If you are matching user names and passwords then you do not want to use strncmp. You should make sure they match exactly. You might find that when reading the input leaves new line characters or carriage returns in the buffer. If this is the case, I find it often is, then write yourself a function to remove them. Here is one way you can do it that is not particularly high performance :
void RemoveNewLines( char * buffer )
{
char * ptr;
ptr = strchr( buffer, '\n' );
if( ptr )
* ptr = 0;
ptr = strchr( buffer, '\r' ); if( ptr )
* ptr = 0;
}
You can then revise your code to look like this :
#define STRING_SIZE 49
int main()
{
char instr[STRING_SIZE+1];
char string[STRING_SIZE+1];
FILE * fr = NULL;
int flag = 0;
fr = fopen("fiile.csv","r");
if( fr == NULL )
{
printf( "Unable to open file\n" );
return 1;
}
printf("Enter your name: ");
fgets( instr, STRING_SIZE, stdin);
RemoveNewLines( instr );
while( fgets( string, STRING_SIZE, fr ) )
{
RemoveNewLines( string );
if( strcmp( instr, string ) == 0 )
{
printf("Here is your details");
printf("%s", string);
flag = 1;
break;
}
}
fclose(fr);
if( flag != 1 )
{
printf("Access denied.\n");
return -1;
}
return 0;
}
I think I see a potential problem with this. If your file is really a .CSV and you have other items on the same line (the details) then this will never match. However you can't just do a limited match. The two names "Jon" and "Jonathan" could possibly match if done on a limited basis so that is a problem.
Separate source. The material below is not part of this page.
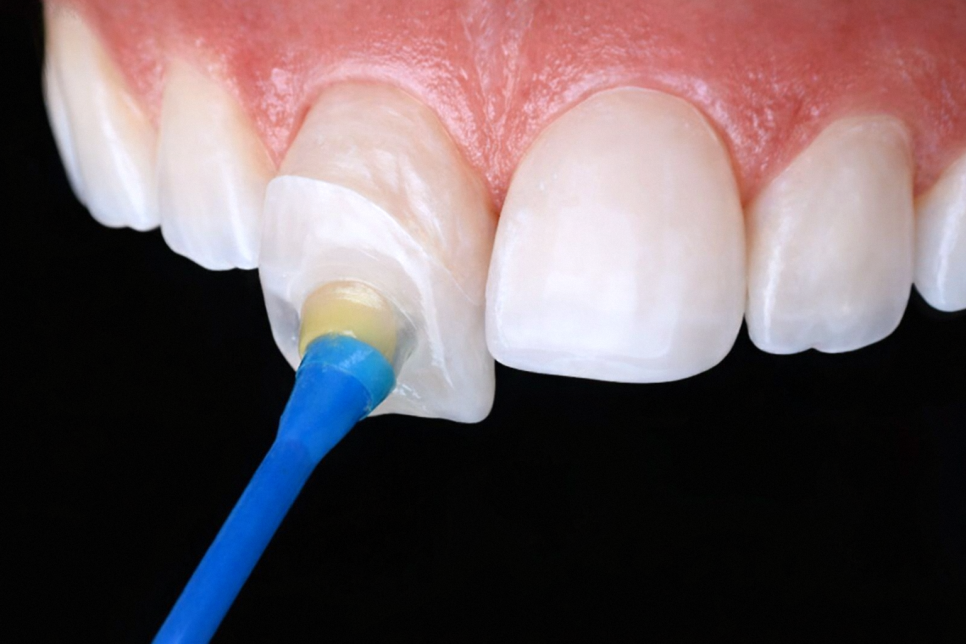 마곡 치과 앞니 깨짐, 레진과 라미네이트 중 무엇이 맞을까? 손상 범위에 따른 치료 방법 관련 이미지 4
To work around that issue, assuming the user name is followed by a comma in the file, you can try appending a comma to the user's entry. Then that would force the two to match up to the comma which should provide an exact match of user names. That revision could look like this :
#define STRING_SIZE 49
int main()
{
char instr[STRING_SIZE+1];
char string[STRING_SIZE+1];
FILE * fr = NULL;
int flag = 0;
size_t length = 0;
fr = fopen("fiile.csv","r");
if( fr == NULL )
{
printf( "Unable to open file\n" );
return 1;
}
printf("Enter your name: ");
fgets( instr, STRING_SIZE, stdin);
RemoveNewLines( instr );
strcat( instr, "," ); length = strlen( instr );
while( fgets( string, STRING_SIZE, fr ) )
{
RemoveNewLines( string );
if( strncmp( instr, string, length ) == 0 )
{
flag = 1;
break; }
}
fclose(fr);
if( flag == 1 ) {
printf( "Your details :" );
printf( "'%s'\n", string );
return 0;
}
printf("Access denied.\n");
return -1;
}
With the comma appended a limited string comparison makes sense assuming the name is followed by a comma in the file.